Mawer, J. S. P., Massen, J., Reichert, C., Grabenhorst, N., Mylonas, C., & Tessarz, P. (2021). Nhp2 is a reader of H2AQ105me and part of a network integrating metabolism with rRNA synthesis. EMBO Rep, 10(22), e52435. doi:10.15252/embr.202152435.

Cite as: https://hdl.handle.net/21.11116/0000-000A-F9E9-7

Abstract

Ribosome biogenesis is an essential cellular process that requires integration of extracellular cues, such as metabolic state, with intracellular signalling, transcriptional regulation and chromatin accessibility at the ribosomal DNA. Here, we demonstrate that the recently identified histone modification, methylation of H2AQ105 (H2AQ105me), is an integral part of a dynamic chromatin network at the rDNA locus. Its deposition depends on a functional mTor signalling pathway and acetylation of histone H3 at position K56, thus integrating metabolic and proliferative signals. Furthermore, we identify a first epigenetic reader of this modification, the ribonucleoprotein Nhp2, which specifically recognizes H2AQ105me.
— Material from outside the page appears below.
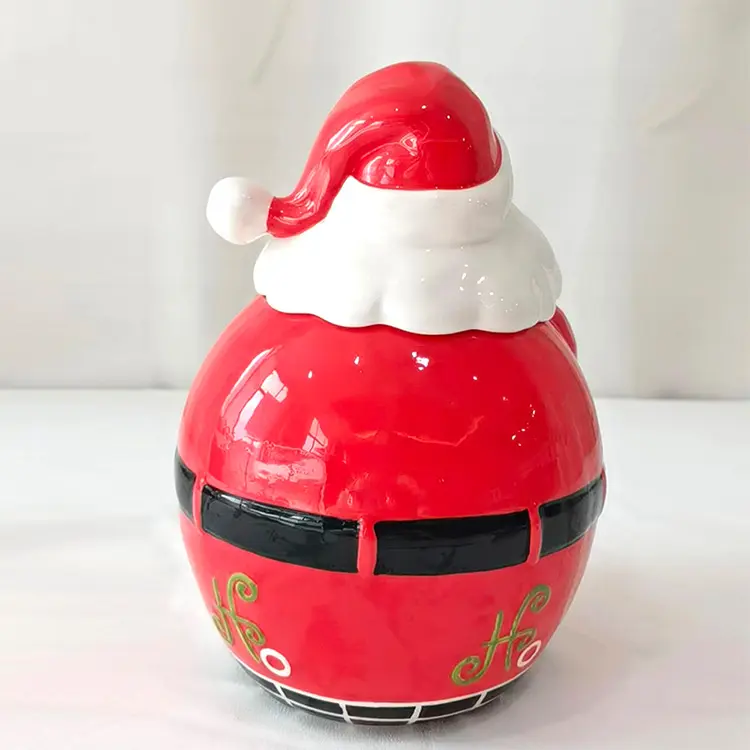 Wholesale Christmas Round Santa Claus - Shaped Dolomite Storage Ornament Manufacturer, Factories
Based on functional and proteomic data, we suggest that Nhp2 functions as an adapter to bridge rDNA chromatin with components of the small subunit processome to efficiently coordinate transcription of rRNA with its post-transcriptional processing. We support this by showing that an H2AQ105A mutant has a mild defect in early processing of rRNA.